We’re seeking feedback on draft legislative instruments requiring carriers and eligible carriage service providers to share information about their assets and cyber security incidents.
Why we want your inputCarriers and eligible carriage service providers (CSPs) will be required to report on asset and cyber security incidents, to align to the obligations other sectors have under the Security of Critical Infrastructure Act 2018. These changes will provide clarity for the sector and reduce regulatory duplication.
How you can voice your opinionRead the consultation paper and draft legislative instruments and provide your submission using the form below, email or post.
What will be the outcome of this consultation?Your submission will help inform the design of new security obligations for carriers and eligible CSPs.
What we are seeking feedback on
We’re seeking feedback on the:
- scope and content of the draft legislative instruments
- estimated cost of complying with the obligations in the draft instruments
Why a new carrier licence condition and service provider rule are needed
The Australian Government is committed to protecting the essential services Australians rely on by improving the security and resilience of critical infrastructure, including in the telecommunications sector.
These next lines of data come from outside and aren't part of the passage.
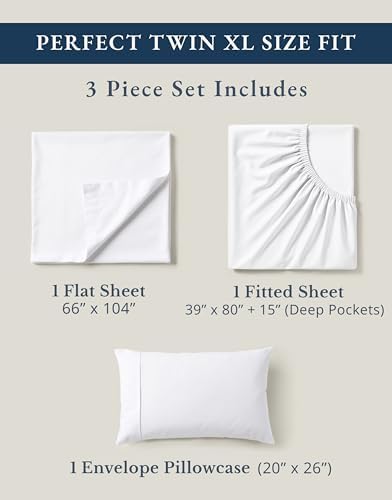 LANE LINEN Twin XL Sheets 100% Organic Cotton 3pc Percale Cooling - White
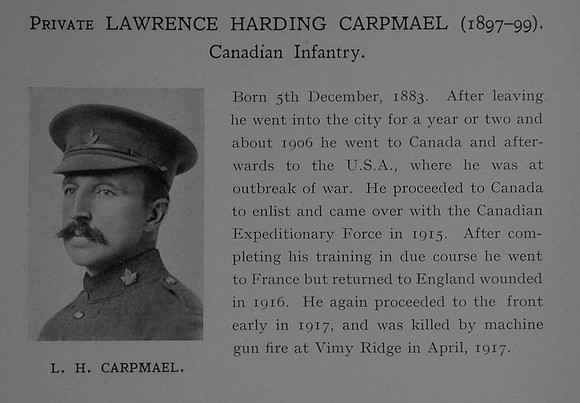 Carpmael L H Pte 7th Canadian Infantry (British Columbia Regiment) Obit Dulwich College Roll Of Honour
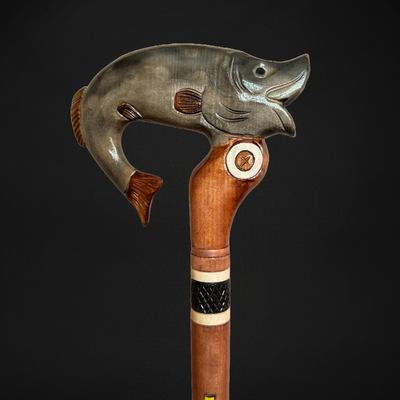 Hand-Carved Walking Cane with Fish Design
The Security of Critical Infrastructure Act 2018 (SOCI Act) was amended in December 2021, introducing new positive security obligations for many sectors, including:
- giving the Secretary of the Department of Home Affairs certain information about critical infrastructure assets to be included in a register; and
- telling the Australian Signals Directorate if a cyber-security incident has a relevant impact on a critical infrastructure asset.
In order to avoid regulatory duplication and provide clarity for the telecommunications industry, these obligations will be introduced through mechanisms under the Telecommunications Act 1997 (Tel Act). The Tel Act contains a well-established regulatory framework that is familiar to industry and is embedded in how the telecommunications sector operates.
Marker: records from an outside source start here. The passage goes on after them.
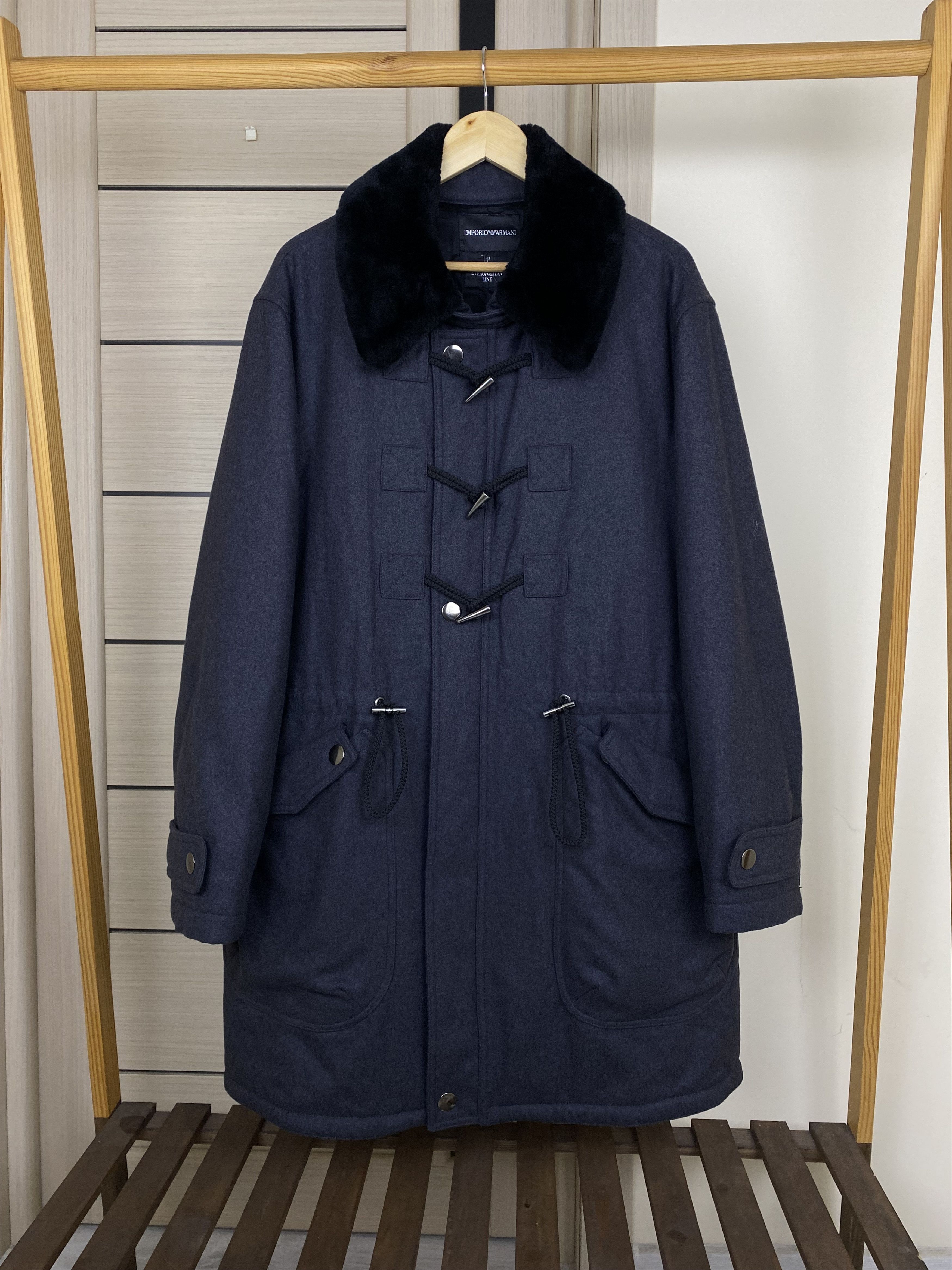Emporio Armani Vintage Emporio Armani wool Eco Fur duffle coat zip jacket Size US XL / EU 56 / 4 - 1 Thumbnail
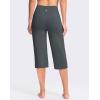 G Gradual Women’s Capri Pants with Pockets High Waist Yoga Pants Wide Leg Workout Summer Pants for Casual, Travel, Exercise(Dark Grey)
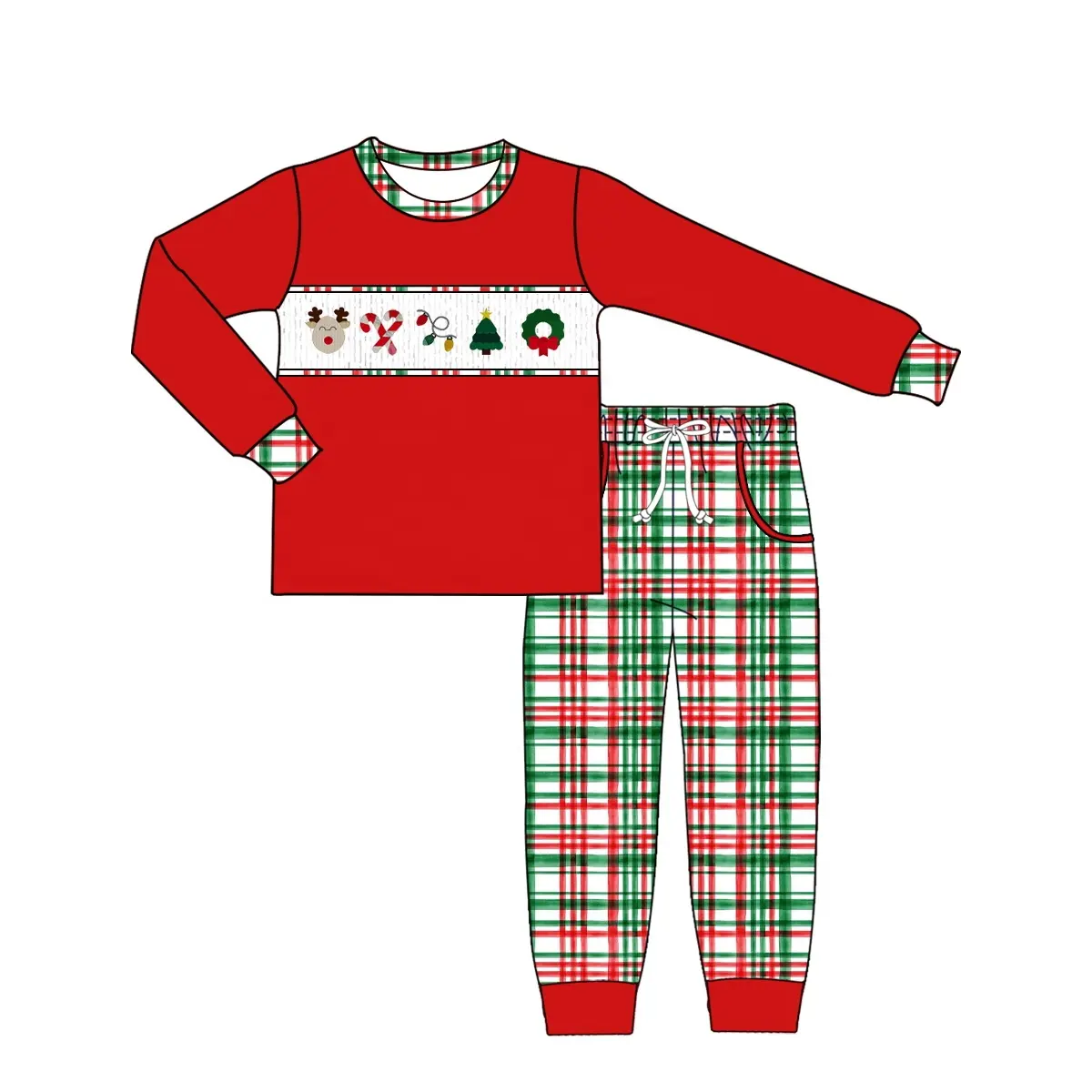 Custom moq 3 eta 7/8week moq 5 eta /4/5week Red Long Sleeve Top & Red and Green Irregular Line Plaid Pants Set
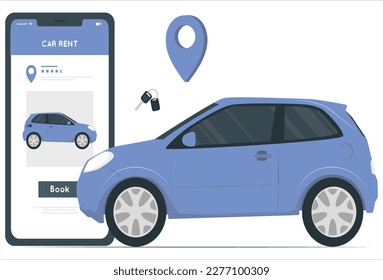 Online ordering taxi car, rent and sharing using service mobile application. Smartphone screen with route and points location on a city map on the car and urban landscape background.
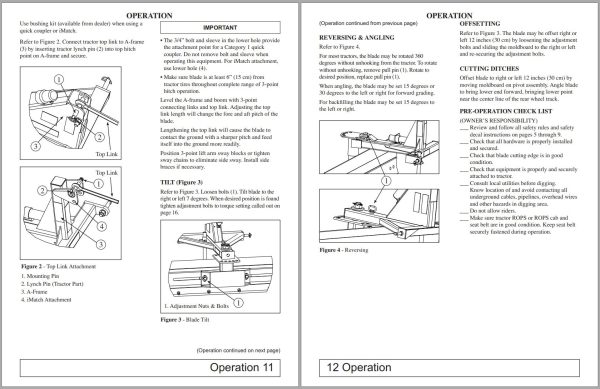 Frontier Rear Blades RB5060 RB5096 Operators Manual 1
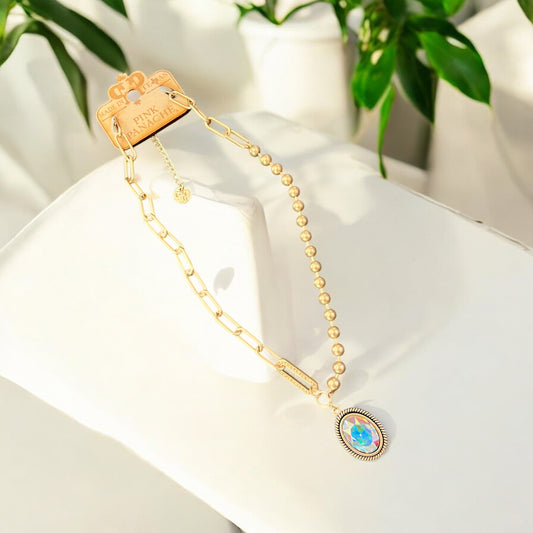 Vertical Oval Crystal Pendant Chain Necklace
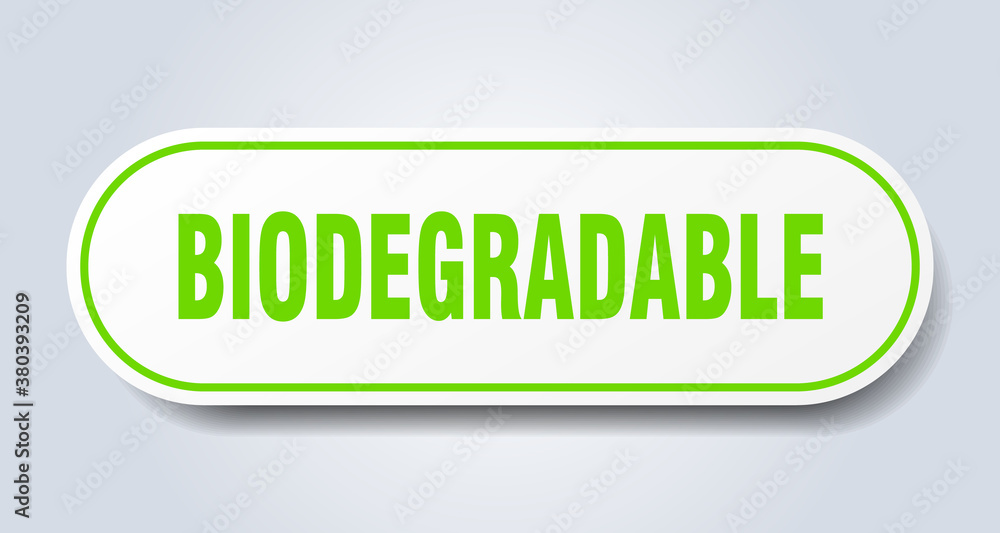 biodegradable sign. rounded isolated button. white sticker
Specifically, the Government is proposing to make a new carrier licence condition and a new service provider rule. The new condition and rule align carriers and eligible CSPs with current obligations other sectors will have under the SOCI Act.
What the new condition and rule will do
The proposed carrier licence condition and service provider rule would require carriers and eligible CSPs to:
- give the Secretary of the Department of Home Affairs operational information in relation to their assets and, where an entity other than the carrier or eligible CSP holds a direct interest in an asset owned or operated by the carrier or eligible CSP, the interest and control information of direct interest holders in the asset;
- give the Australian Signals Directorate (ASD) a notice of a critical cyber security incident no later than 12 hours after the carrier or eligible CSP becomes aware of the incident; and
- give the ASD a notice of other cyber security incidents no later than 72 hours after the carrier or eligible CSP becomes aware of the incident.
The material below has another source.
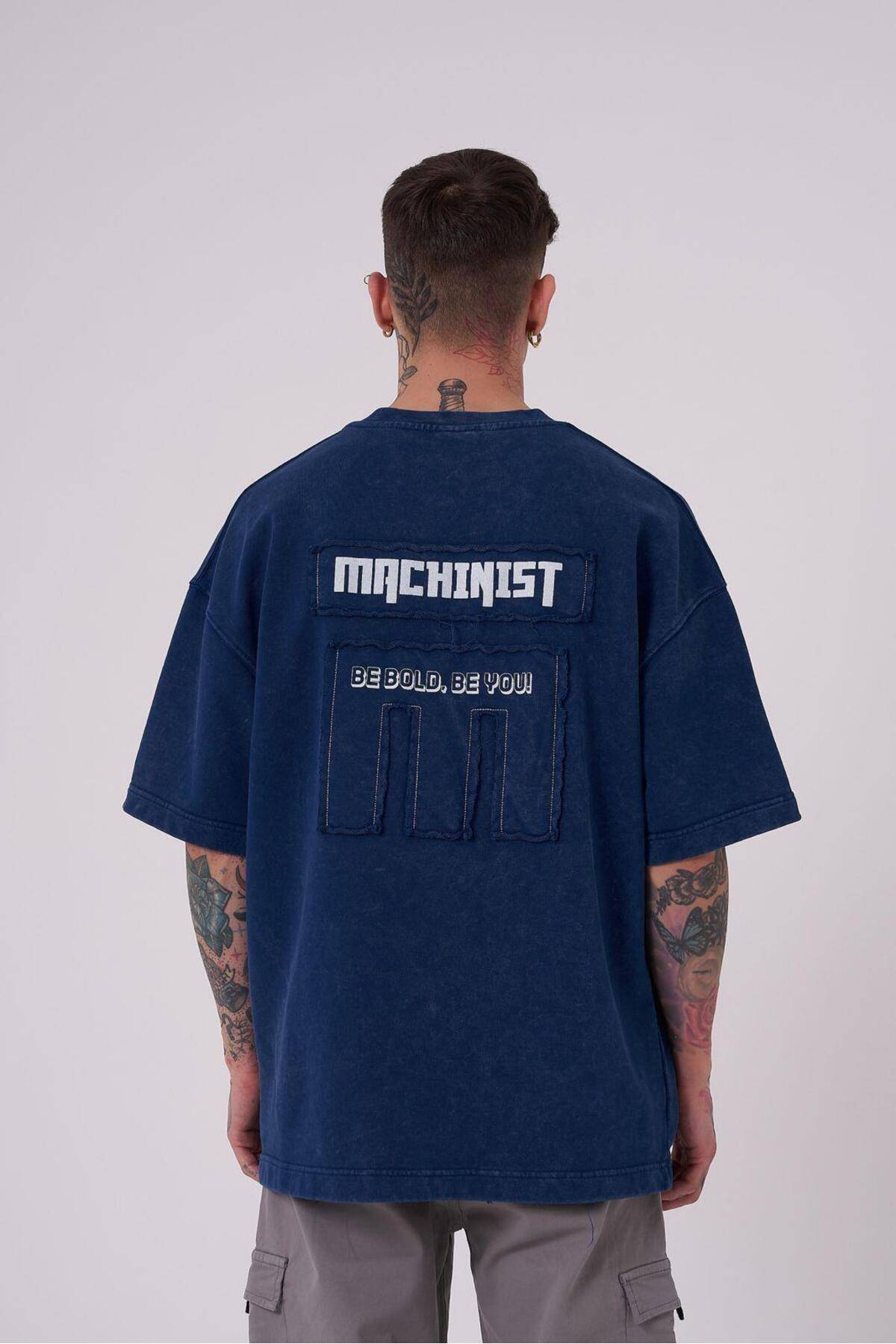 تیشرت ابری نیلی سایز بزرگ مردانه Be Bold Be You قابل شستشو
Who the new condition and rule will affect
All holders of a carrier licence will be subject to the new carrier licence condition. All eligible CSPs would have to comply with the new service provider rule, unless they are a carrier. Eligible CSPs are defined in section 127 of the Telecommunications (Consumer Protection and Service Standards) Act 1999 as a CSP who supplies a:
- standard telephone service, where any of the customers are residential customers or small business customers;
- public mobile telecommunications service; or
- carriage service that enables end‑users to access the internet; or
- carriage service intermediary who arranges for the supply of one of these services.
Eligible CSPs must be members of the Telecommunications Industry Ombudsman scheme.
Other powers under Part 3A of the Security of Critical Infrastructure Act 2018
The SOCI Act also gives the Government powers to assist industry in certain situations if a serious cyber-security incident has had, is having or will have a relevant impact on a critical infrastructure asset. These assistance powers will be available for the Government to use in relation to the telecommunications sector under the SOCI Act; they will not be mirrored in the Tel Act.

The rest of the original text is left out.